We should try to do something that shows the power of the compute shader; something you couldn't do in a pixel shader before. How about drawing some primitives like lines and circles?

For drawing lines, let's use the Digital Differential Analyzer algorithm. It translates to HLSL very easily.


void Plot(int x, int y)
{
   Output[uint2(x, y)] = float4(0, 0, 1, 1);
}

void DrawLine(float2 start, float2 end)
{
    float dydx = (end.y - start.y) / (end.x - start.x);
    float y = start.y;
    for (int x = start.x; x <= end.x; x++) 
    {
        Plot(x, round(y));
        y = y + dydx;
    }
}

For drawing circles let's use the Midpoint Circle algorithm.

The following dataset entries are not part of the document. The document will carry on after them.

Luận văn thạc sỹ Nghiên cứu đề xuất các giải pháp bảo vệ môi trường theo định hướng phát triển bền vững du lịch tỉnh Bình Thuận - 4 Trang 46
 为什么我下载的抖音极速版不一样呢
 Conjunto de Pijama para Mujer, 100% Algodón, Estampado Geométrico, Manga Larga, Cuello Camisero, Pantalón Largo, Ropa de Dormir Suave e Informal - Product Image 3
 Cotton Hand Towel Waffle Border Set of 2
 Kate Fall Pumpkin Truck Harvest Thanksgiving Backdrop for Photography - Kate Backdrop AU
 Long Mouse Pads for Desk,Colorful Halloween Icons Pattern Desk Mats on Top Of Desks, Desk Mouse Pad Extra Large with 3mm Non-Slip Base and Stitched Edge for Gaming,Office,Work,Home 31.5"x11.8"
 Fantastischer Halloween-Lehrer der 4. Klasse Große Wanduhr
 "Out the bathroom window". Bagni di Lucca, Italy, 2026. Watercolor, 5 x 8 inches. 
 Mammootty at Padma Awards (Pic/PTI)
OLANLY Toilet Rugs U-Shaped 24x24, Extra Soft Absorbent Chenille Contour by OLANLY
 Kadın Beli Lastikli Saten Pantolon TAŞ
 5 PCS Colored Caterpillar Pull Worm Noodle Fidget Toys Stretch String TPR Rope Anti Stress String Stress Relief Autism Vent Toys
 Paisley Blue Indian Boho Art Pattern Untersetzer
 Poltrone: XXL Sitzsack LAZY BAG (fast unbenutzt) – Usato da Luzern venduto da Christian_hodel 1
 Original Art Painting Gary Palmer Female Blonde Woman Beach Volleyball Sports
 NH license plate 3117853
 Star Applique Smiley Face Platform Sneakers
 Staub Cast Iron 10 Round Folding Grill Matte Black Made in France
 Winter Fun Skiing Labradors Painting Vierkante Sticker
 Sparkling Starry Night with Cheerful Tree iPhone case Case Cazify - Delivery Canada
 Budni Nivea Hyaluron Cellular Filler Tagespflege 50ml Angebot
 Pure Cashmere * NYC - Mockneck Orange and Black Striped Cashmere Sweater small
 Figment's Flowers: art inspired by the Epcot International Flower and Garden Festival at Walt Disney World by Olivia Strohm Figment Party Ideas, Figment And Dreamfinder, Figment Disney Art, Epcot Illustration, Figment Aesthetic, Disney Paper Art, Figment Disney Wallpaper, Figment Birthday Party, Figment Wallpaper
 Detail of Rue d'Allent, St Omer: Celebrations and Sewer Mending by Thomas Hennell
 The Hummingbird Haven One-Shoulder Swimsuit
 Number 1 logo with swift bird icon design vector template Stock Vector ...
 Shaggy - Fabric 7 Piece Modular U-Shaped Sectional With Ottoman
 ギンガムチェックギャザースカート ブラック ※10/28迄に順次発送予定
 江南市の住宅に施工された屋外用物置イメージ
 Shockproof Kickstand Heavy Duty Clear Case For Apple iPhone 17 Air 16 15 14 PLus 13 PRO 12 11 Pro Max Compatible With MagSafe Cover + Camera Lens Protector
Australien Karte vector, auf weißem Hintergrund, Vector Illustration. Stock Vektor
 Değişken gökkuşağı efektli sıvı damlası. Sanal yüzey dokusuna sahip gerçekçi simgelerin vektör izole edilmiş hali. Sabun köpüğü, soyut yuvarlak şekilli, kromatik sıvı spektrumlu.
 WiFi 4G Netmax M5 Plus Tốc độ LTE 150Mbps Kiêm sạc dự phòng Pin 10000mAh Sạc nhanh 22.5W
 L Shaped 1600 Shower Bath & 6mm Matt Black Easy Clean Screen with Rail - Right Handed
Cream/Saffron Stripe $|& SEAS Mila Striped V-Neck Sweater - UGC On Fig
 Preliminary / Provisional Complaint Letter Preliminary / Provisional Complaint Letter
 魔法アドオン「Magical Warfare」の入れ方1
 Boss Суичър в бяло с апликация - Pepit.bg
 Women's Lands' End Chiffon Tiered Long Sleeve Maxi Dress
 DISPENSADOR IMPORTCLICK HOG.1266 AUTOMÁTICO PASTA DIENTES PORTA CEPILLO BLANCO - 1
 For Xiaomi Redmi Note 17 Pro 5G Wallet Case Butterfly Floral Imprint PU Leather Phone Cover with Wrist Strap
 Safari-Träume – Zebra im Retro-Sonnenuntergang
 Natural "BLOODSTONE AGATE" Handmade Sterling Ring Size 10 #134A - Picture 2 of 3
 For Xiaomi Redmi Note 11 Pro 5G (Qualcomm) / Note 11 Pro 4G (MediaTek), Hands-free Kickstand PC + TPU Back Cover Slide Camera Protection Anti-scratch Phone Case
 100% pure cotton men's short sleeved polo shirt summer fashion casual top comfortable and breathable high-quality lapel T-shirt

For brevity I won't list it here now.

Then, in my Compute Shader main function, I simply add this code:


if (threadID.x == 1023 && threadID.y == 1023)
{
   DrawLine(float2(0, 0), float2(1024, 1024));
   DrawLine(float2(0, 1023), float2(1023, 0));
     
   DrawCircle(512, 512, 250);
   DrawCircle(0, 512, 250);
}

The if check is just done to prevent the lines and circles from being drawn for every thread. This code results in the following image:

I must admit it seems quite odd writing a shader that draws primitives. It's like some strange recursive loop. But it definitely helps to illustrate the features of the Compute Shader and how powerful it is.

You may download the source code to this example here:
ComputeShader11.zip

My next goal is to setup a standard DX11 Swap Chain and use the Compute Shader to write directly to the backbuffer. Well that's all for now.

FYI: This is my 50th blog post! I never thought I would continue on this long. I think I should crack open a beer to celebrate.